__Required action__. All pictures are to be dropped, and the remaining data set down exactly.

Saved data entries

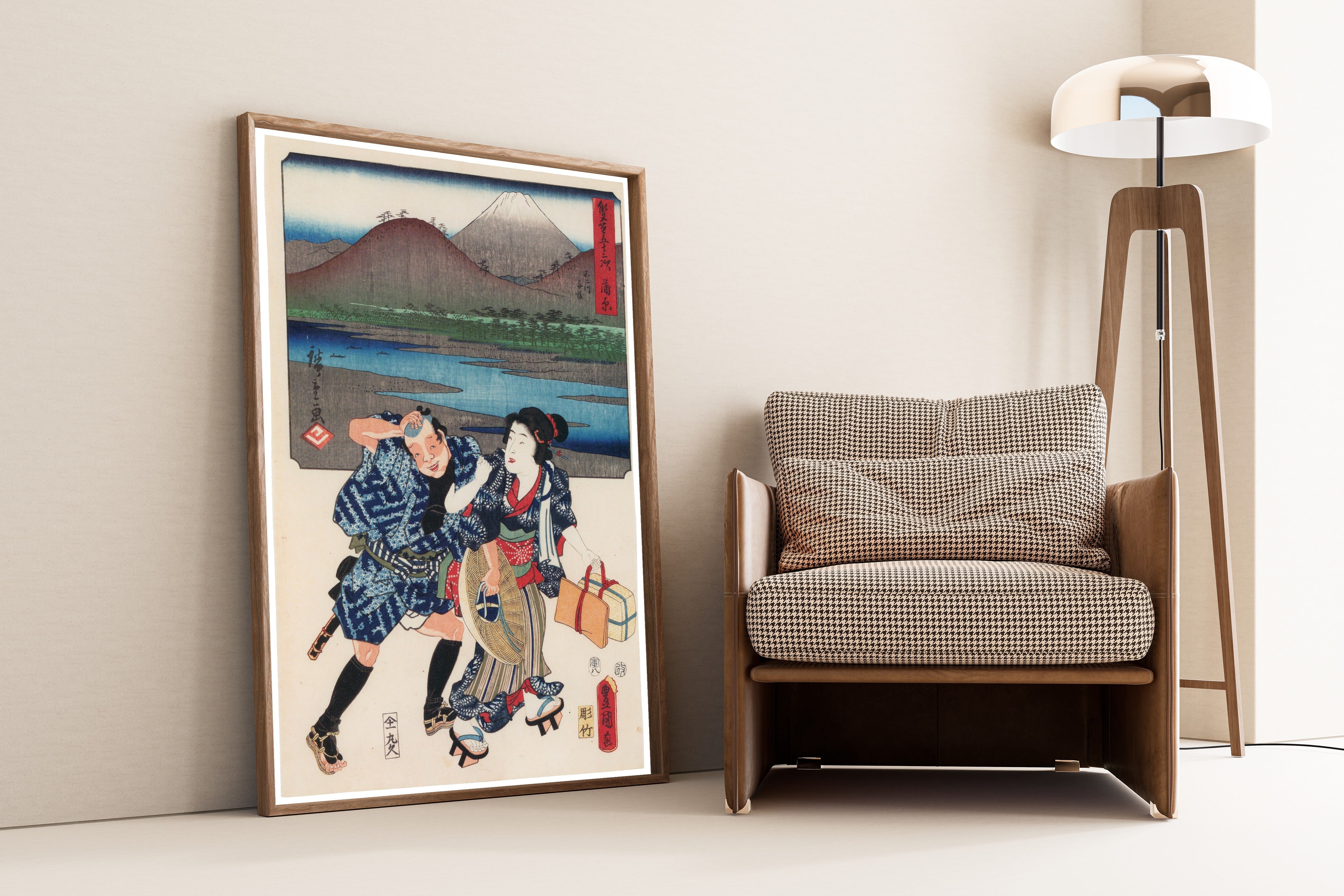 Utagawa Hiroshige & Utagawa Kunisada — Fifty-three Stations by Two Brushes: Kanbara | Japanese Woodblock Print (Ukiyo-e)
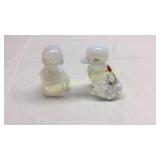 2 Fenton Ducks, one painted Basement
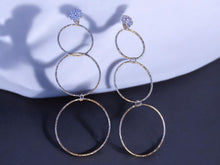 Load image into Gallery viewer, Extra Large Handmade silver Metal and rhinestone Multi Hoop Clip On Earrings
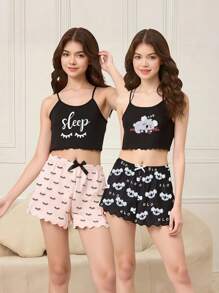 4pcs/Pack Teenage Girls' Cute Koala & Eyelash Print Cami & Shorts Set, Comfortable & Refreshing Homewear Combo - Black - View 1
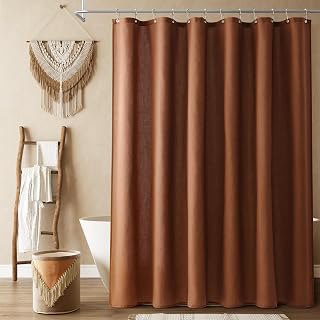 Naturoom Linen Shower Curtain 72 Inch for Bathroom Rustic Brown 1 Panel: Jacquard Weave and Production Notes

__Reply to the task__.
 Utagawa Hiroshige & Utagawa Kunisada — Fifty-three Stations by Two Brushes: Kanbara | Japanese Woodblock Print (Ukiyo-e)
 2 Fenton Ducks, one painted Basement
 Load image into Gallery viewer, Extra Large Handmade silver Metal and rhinestone Multi Hoop Clip On Earrings
 4pcs/Pack Teenage Girls' Cute Koala & Eyelash Print Cami & Shorts Set, Comfortable & Refreshing Homewear Combo - Black - View 1
 Naturoom Linen Shower Curtain 72 Inch for Bathroom Rustic Brown 1 Panel: Jacquard Weave and Production Notes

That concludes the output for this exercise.